Your instructions:
An identical copy of all the records is what the answer must contain.

Records to use:
= Beginning of Section =

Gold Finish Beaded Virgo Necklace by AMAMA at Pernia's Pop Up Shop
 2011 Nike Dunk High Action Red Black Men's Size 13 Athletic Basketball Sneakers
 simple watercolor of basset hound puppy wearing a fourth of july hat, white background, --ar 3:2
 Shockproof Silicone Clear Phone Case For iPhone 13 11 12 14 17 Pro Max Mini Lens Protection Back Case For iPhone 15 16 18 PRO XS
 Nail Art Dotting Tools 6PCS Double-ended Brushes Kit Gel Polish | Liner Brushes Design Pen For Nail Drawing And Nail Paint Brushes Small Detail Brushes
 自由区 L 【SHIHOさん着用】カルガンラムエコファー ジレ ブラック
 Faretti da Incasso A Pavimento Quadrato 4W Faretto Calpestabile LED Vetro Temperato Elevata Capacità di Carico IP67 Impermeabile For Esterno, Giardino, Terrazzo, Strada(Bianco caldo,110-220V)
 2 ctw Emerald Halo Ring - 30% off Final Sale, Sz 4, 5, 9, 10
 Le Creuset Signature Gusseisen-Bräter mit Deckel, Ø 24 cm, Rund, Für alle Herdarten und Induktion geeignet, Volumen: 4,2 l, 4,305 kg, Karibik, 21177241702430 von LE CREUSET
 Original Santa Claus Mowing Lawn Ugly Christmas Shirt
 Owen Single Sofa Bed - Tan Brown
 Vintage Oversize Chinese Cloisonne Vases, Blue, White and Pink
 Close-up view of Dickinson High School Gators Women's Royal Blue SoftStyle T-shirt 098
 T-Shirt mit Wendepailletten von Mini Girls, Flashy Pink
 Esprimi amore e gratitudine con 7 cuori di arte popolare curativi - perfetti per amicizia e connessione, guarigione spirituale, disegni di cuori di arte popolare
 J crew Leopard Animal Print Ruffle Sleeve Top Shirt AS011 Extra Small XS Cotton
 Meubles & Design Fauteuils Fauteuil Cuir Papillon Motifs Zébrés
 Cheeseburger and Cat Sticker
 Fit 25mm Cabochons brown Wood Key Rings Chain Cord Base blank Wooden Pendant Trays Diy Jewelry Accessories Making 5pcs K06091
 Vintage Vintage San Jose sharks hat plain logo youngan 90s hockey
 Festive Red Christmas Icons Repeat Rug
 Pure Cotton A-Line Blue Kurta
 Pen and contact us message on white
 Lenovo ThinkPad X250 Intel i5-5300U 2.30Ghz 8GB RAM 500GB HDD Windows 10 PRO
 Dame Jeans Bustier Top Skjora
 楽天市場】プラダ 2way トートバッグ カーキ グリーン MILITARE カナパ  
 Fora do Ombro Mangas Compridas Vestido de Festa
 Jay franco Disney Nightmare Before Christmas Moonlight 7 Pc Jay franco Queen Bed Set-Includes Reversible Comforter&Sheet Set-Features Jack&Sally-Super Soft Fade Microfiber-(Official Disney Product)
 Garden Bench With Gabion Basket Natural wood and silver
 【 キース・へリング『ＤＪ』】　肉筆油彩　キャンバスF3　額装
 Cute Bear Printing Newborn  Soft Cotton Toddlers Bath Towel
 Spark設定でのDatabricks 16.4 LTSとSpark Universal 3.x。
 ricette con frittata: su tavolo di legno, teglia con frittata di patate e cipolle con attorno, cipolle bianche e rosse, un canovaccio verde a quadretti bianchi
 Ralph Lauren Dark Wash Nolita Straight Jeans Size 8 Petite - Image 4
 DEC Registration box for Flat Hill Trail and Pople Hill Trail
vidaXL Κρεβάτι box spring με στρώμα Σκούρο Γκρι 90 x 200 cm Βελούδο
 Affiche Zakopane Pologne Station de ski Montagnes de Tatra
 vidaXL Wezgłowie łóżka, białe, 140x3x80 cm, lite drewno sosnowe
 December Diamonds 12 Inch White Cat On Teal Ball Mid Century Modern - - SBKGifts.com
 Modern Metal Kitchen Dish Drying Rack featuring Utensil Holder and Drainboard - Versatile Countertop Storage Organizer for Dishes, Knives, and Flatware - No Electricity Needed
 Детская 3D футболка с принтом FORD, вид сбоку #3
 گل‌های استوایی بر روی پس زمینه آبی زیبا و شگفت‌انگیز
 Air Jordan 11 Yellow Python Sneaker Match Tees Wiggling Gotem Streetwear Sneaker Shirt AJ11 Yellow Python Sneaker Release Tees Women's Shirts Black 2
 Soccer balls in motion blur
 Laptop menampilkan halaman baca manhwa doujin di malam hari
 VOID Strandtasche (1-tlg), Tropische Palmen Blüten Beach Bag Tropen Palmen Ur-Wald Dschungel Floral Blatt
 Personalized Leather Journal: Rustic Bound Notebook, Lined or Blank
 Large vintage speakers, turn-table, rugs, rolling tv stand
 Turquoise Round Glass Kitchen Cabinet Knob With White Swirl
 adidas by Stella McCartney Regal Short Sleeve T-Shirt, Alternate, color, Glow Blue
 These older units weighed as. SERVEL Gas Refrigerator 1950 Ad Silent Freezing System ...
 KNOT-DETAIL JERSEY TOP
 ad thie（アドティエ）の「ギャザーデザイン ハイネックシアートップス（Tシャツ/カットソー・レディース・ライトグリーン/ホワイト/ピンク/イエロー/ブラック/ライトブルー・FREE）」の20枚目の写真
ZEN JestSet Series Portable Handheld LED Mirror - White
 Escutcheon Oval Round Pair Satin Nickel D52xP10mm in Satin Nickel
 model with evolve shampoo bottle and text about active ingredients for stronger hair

= End of Section =

Written response:
Gold Finish Beaded Virgo Necklace by AMAMA at Pernia's Pop Up Shop
 2011 Nike Dunk High Action Red Black Men's Size 13 Athletic Basketball Sneakers
 simple watercolor of basset hound puppy wearing a fourth of july hat, white background, --ar 3:2
 Shockproof Silicone Clear Phone Case For iPhone 13 11 12 14 17 Pro Max Mini Lens Protection Back Case For iPhone 15 16 18 PRO XS
 Nail Art Dotting Tools 6PCS Double-ended Brushes Kit Gel Polish | Liner Brushes Design Pen For Nail Drawing And Nail Paint Brushes Small Detail Brushes
 自由区 L 【SHIHOさん着用】カルガンラムエコファー ジレ ブラック
 Faretti da Incasso A Pavimento Quadrato 4W Faretto Calpestabile LED Vetro Temperato Elevata Capacità di Carico IP67 Impermeabile For Esterno, Giardino, Terrazzo, Strada(Bianco caldo,110-220V)
 2 ctw Emerald Halo Ring - 30% off Final Sale, Sz 4, 5, 9, 10
 Le Creuset Signature Gusseisen-Bräter mit Deckel, Ø 24 cm, Rund, Für alle Herdarten und Induktion geeignet, Volumen: 4,2 l, 4,305 kg, Karibik, 21177241702430 von LE CREUSET
 Original Santa Claus Mowing Lawn Ugly Christmas Shirt
 Owen Single Sofa Bed - Tan Brown
 Vintage Oversize Chinese Cloisonne Vases, Blue, White and Pink
 Close-up view of Dickinson High School Gators Women's Royal Blue SoftStyle T-shirt 098
 T-Shirt mit Wendepailletten von Mini Girls, Flashy Pink
 Esprimi amore e gratitudine con 7 cuori di arte popolare curativi - perfetti per amicizia e connessione, guarigione spirituale, disegni di cuori di arte popolare
 J crew Leopard Animal Print Ruffle Sleeve Top Shirt AS011 Extra Small XS Cotton
 Meubles & Design Fauteuils Fauteuil Cuir Papillon Motifs Zébrés
 Cheeseburger and Cat Sticker
 Fit 25mm Cabochons brown Wood Key Rings Chain Cord Base blank Wooden Pendant Trays Diy Jewelry Accessories Making 5pcs K06091
 Vintage Vintage San Jose sharks hat plain logo youngan 90s hockey
 Festive Red Christmas Icons Repeat Rug
 Pure Cotton A-Line Blue Kurta
 Pen and contact us message on white
 Lenovo ThinkPad X250 Intel i5-5300U 2.30Ghz 8GB RAM 500GB HDD Windows 10 PRO
 Dame Jeans Bustier Top Skjora
 楽天市場】プラダ 2way トートバッグ カーキ グリーン MILITARE カナパ  
 Fora do Ombro Mangas Compridas Vestido de Festa
 Jay franco Disney Nightmare Before Christmas Moonlight 7 Pc Jay franco Queen Bed Set-Includes Reversible Comforter&Sheet Set-Features Jack&Sally-Super Soft Fade Microfiber-(Official Disney Product)
 Garden Bench With Gabion Basket Natural wood and silver
 【 キース・へリング『ＤＪ』】　肉筆油彩　キャンバスF3　額装
 Cute Bear Printing Newborn  Soft Cotton Toddlers Bath Towel
 Spark設定でのDatabricks 16.4 LTSとSpark Universal 3.x。
 ricette con frittata: su tavolo di legno, teglia con frittata di patate e cipolle con attorno, cipolle bianche e rosse, un canovaccio verde a quadretti bianchi
 Ralph Lauren Dark Wash Nolita Straight Jeans Size 8 Petite - Image 4
 DEC Registration box for Flat Hill Trail and Pople Hill Trail
vidaXL Κρεβάτι box spring με στρώμα Σκούρο Γκρι 90 x 200 cm Βελούδο
 Affiche Zakopane Pologne Station de ski Montagnes de Tatra
 vidaXL Wezgłowie łóżka, białe, 140x3x80 cm, lite drewno sosnowe
 December Diamonds 12 Inch White Cat On Teal Ball Mid Century Modern - - SBKGifts.com
 Modern Metal Kitchen Dish Drying Rack featuring Utensil Holder and Drainboard - Versatile Countertop Storage Organizer for Dishes, Knives, and Flatware - No Electricity Needed
 Детская 3D футболка с принтом FORD, вид сбоку #3
 گل‌های استوایی بر روی پس زمینه آبی زیبا و شگفت‌انگیز
 Air Jordan 11 Yellow Python Sneaker Match Tees Wiggling Gotem Streetwear Sneaker Shirt AJ11 Yellow Python Sneaker Release Tees Women's Shirts Black 2
 Soccer balls in motion blur
 Laptop menampilkan halaman baca manhwa doujin di malam hari
 VOID Strandtasche (1-tlg), Tropische Palmen Blüten Beach Bag Tropen Palmen Ur-Wald Dschungel Floral Blatt
 Personalized Leather Journal: Rustic Bound Notebook, Lined or Blank
 Large vintage speakers, turn-table, rugs, rolling tv stand
 Turquoise Round Glass Kitchen Cabinet Knob With White Swirl
 adidas by Stella McCartney Regal Short Sleeve T-Shirt, Alternate, color, Glow Blue
 These older units weighed as. SERVEL Gas Refrigerator 1950 Ad Silent Freezing System ...
 KNOT-DETAIL JERSEY TOP
 ad thie（アドティエ）の「ギャザーデザイン ハイネックシアートップス（Tシャツ/カットソー・レディース・ライトグリーン/ホワイト/ピンク/イエロー/ブラック/ライトブルー・FREE）」の20枚目の写真
ZEN JestSet Series Portable Handheld LED Mirror - White
 Escutcheon Oval Round Pair Satin Nickel D52xP10mm in Satin Nickel
 model with evolve shampoo bottle and text about active ingredients for stronger hair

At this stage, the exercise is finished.